From the first record below to the last, retype each one exactly.

The data>
★ ★ ★ ★ ★ ★ ★

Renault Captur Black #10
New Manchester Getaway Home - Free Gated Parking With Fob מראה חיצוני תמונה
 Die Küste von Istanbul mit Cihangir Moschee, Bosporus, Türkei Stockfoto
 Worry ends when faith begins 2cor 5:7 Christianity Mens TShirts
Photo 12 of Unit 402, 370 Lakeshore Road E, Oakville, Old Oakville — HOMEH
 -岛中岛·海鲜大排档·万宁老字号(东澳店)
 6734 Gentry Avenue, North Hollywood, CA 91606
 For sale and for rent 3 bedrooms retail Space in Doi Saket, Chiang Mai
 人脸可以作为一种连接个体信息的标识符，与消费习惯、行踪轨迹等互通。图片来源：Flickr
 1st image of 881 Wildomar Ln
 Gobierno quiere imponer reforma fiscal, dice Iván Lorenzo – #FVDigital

★ ★ ★ ★ ★ ★ ★

Result of the task>
Renault Captur Black #10
New Manchester Getaway Home - Free Gated Parking With Fob מראה חיצוני תמונה
 Die Küste von Istanbul mit Cihangir Moschee, Bosporus, Türkei Stockfoto
 Worry ends when faith begins 2cor 5:7 Christianity Mens TShirts
Photo 12 of Unit 402, 370 Lakeshore Road E, Oakville, Old Oakville — HOMEH
 -岛中岛·海鲜大排档·万宁老字号(东澳店)
 6734 Gentry Avenue, North Hollywood, CA 91606
 For sale and for rent 3 bedrooms retail Space in Doi Saket, Chiang Mai
 人脸可以作为一种连接个体信息的标识符，与消费习惯、行踪轨迹等互通。图片来源：Flickr
 1st image of 881 Wildomar Ln
 Gobierno quiere imponer reforma fiscal, dice Iván Lorenzo – #FVDigital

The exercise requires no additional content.